岡田治美校長は「市長が方針を表明した以上、学校が『できない』というのは保護者に説明がつかない」と話し、オンライン授業開始後も「ネットにつながらないなどトラブルがあれば教員が家庭訪問する。そのくらいの細やかな対応が求められる」とみる。
https://www.sankei.com/life/news/210420/lif2104200051-n1.html
ICTを活用した教育に力を入れる市立本田小(同市西区)は、全学年で双方向型のオンライン授業を実施中。「保護者の協力もあり、ネット環境が改善された」と銭本三千宏校長は手応えを語るが、別の小学校の校長は「双方向のオンライン授業ができているのは一部の先進校だけ」と明かす。

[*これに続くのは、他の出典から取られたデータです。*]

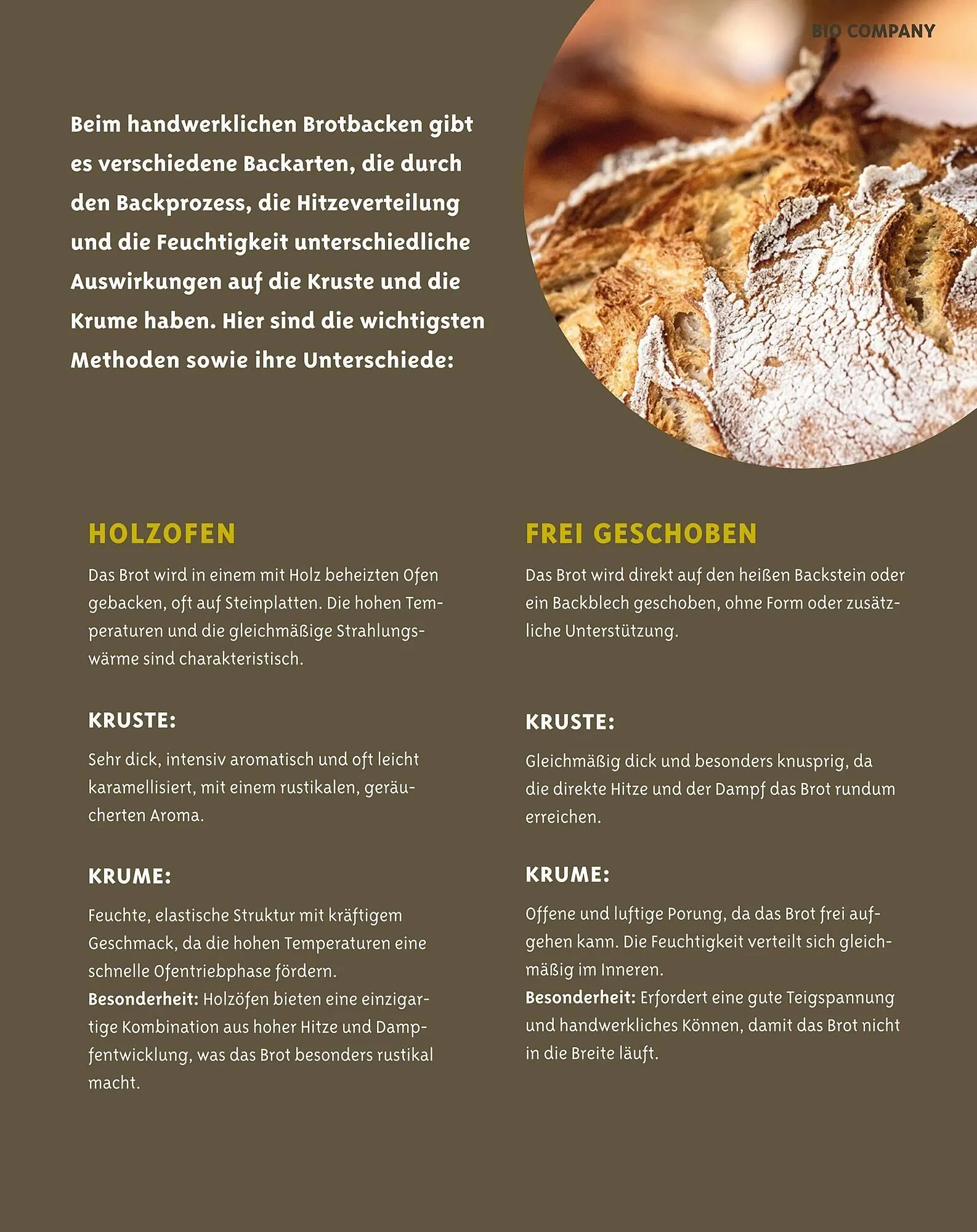 Biocompany Prospekt von 1. April bis 31. Mai 2025 - Prospekt seite 5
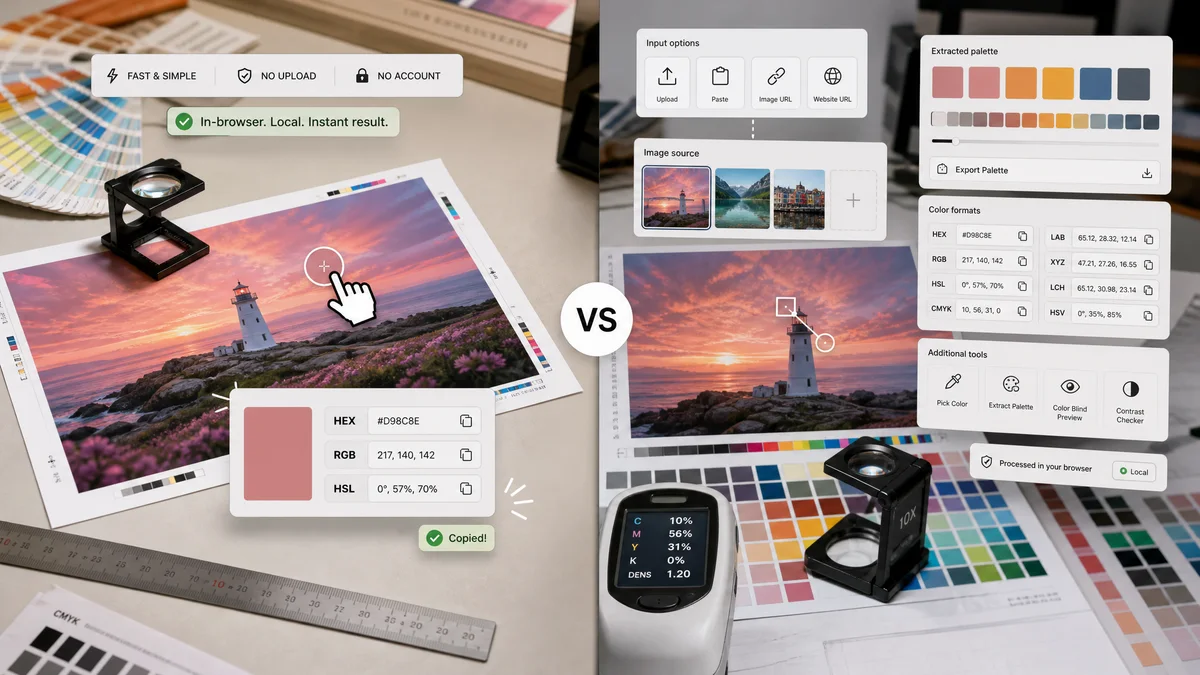 Read Color Image Image Color Picker vs ImageColorPicker.com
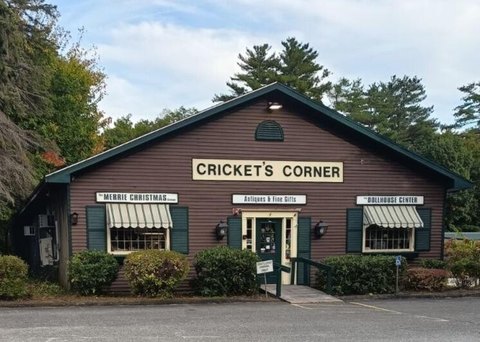 Iconic Commercial Building on Route 302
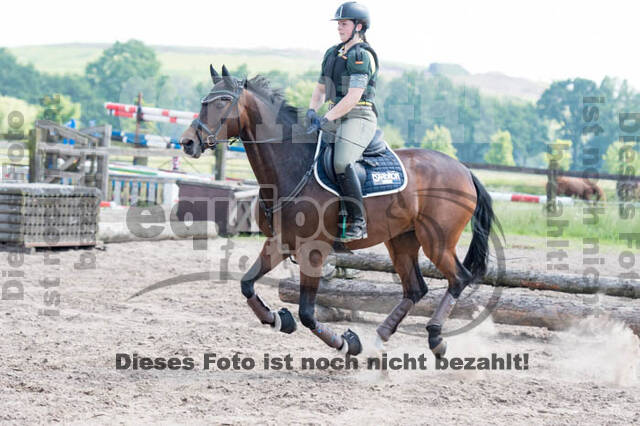 Tholi-Tour Lehrgang Vanessa Bölting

https://www.sankei.com/life/news/210510/lif2105100045-n1.html
https://youtu.be/qsqD7Ygtni8?t=55
住之江区の住吉川小学校では、プリントなどを使った対面で授業が行われました。
市教委の方針が示されてから、通信状況の確認などの準備を行いましたが、音声が途切れるなどのトラブルが相次ぎ、オンライン学習は断念することになりました。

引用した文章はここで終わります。